The Art of the Blend
By Doug Fabbioli
One of the skills that I was fortunate to learn a number of decades ago was the process of blending wines. Blending is something that has happened in the industry for many generations: the French have their Bordeaux and Rhône blends, the Italians blend Chianti, Tuscans, and just about all their wines. Some older vineyards in California were planted in a traditional Italian way, with the different grape varietals interplanted in the same block of ground. When picking time came, the grapes were all picked at the same time and blended right away. Blending can create a better wine, each varietal bringing its own strengths and character to the finished product.
In some blends, such as a Bordeaux blend, there is a lot of tradition in the varietals and the style used. Staying within that structure is expected, and the wine produced is much more defined in the glass. I certainly respect the traditional blending with our estate-grown Tre Sorelle as well as our American Meritage, both of which are Bordeaux-style blends. On the other hand, it is a pleasure to break out of the traditional blending structure to create something different like our Raspberry Merlot. Blending various fruits with traditional wine grapes is nothing new, but was often done for cheaper products, using the sweetness and fruit to move lower quality wine. Little did I know when I was playing with it that I would create a signature wine for us!

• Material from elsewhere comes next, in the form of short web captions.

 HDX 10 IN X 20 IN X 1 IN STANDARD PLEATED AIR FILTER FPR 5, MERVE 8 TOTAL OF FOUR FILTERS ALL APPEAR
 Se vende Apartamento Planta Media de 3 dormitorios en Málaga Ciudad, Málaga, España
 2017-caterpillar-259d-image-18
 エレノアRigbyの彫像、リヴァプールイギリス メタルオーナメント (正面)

One of the keys to blending wines is to prepare ahead of time in order to make good decisions. Once two wines are blended together, there is no separating them. I will pull samples ahead of time, and clear my schedule so I can concentrate on the flavors and the process. I also like to have a couple of people with me who can taste and learn the process—I don’t taste or blend in a vacuum. As I taste, I know I am looking to make wines that fit the labels and products that I have already created. With a Cabernet Franc for instance, I will look to blend in a little structure in the middle with some Petit Verdot, or maybe add some finishing tannins with some Cabernet Sauvignon. Sometimes it may be acid that the wine needs, so knowing each of the components will make the trial and error process a little more efficient. Oak character is another factor to keep in mind, but it can be added after blending by shifting the wine into newer barrels of the right kind of oak. As with so much in wine-making, experience and patience play important roles.

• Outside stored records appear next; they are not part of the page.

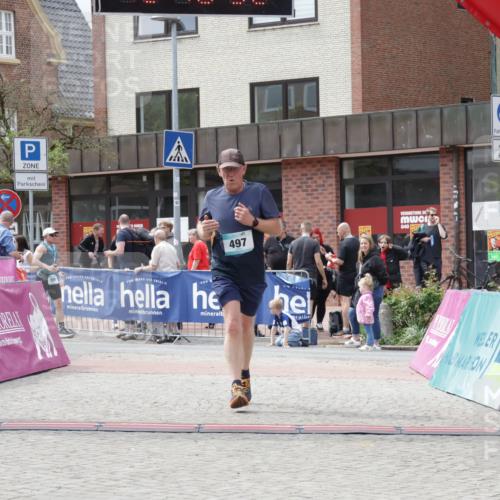 10.05.2026 - 8. Wedeler Halbmarathon Yannick Fuchs http://msf.ph/oto/9730495 10.05.2026 12:16:50 Ziel 58, 260, 497, 732, 822 meine-sportfotos.de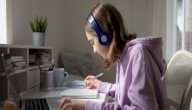 سلبيات وإيجابيات التعلم عن بعد صورة مقال سلبيات وإيجابيات التعلم عن بعد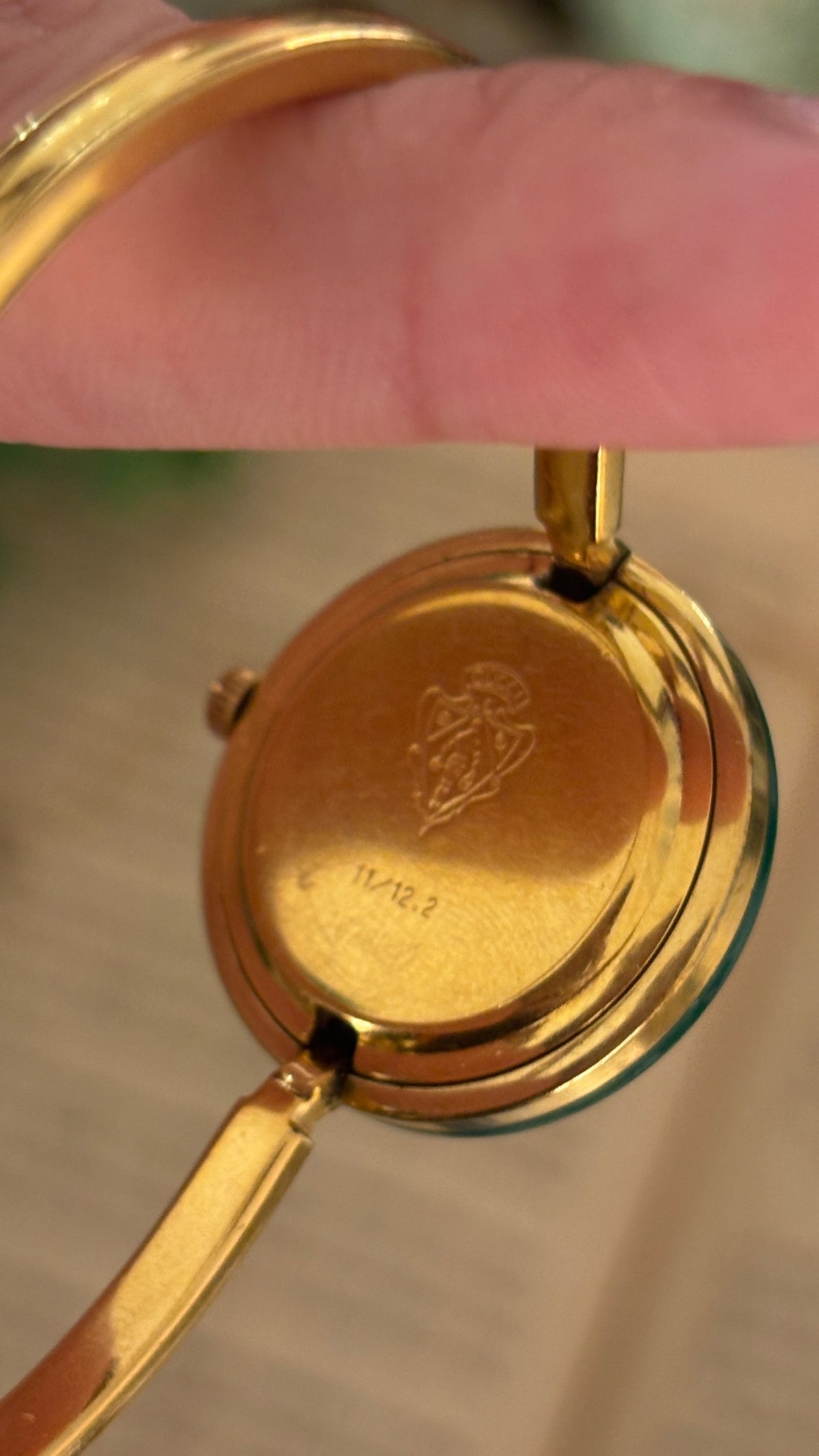 Rare Vintage Gucci Swiss Interchangeable Cherry Line Bezel Bangle Watch Set in Gold Tone Quartz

Another key part to blending is having a lower tier wine to blend the extras into. We have a wine called Padrino which is made up of our “left over” varietals. I get customers asking about Padrino on a regular basis. It is never the same twice because it is a combination of the pieces that are left from blending. Some years it may be more Tannat, other years it may be Cabernet Franc with a few other odd pieces. Some years all the pieces fit and I had nothing left over at the end of the process, and in those years we do not have a Padrino.
Starting the blending process with great base wines is clearly the most important part. Some vintages will be more challenging than others, but recognizing that a little bit of “this” can really help out with “that” is seen as early as on the crush pad as the grapes are going into the fermenter. Blending is the artistic point where the paint hits the canvas, but the paint is made in the vineyard as the grapes grow. Being skilled at “making paint” is the key to having a great wine that needs very little tinkering. Let’s raise a glass to the art in the wine!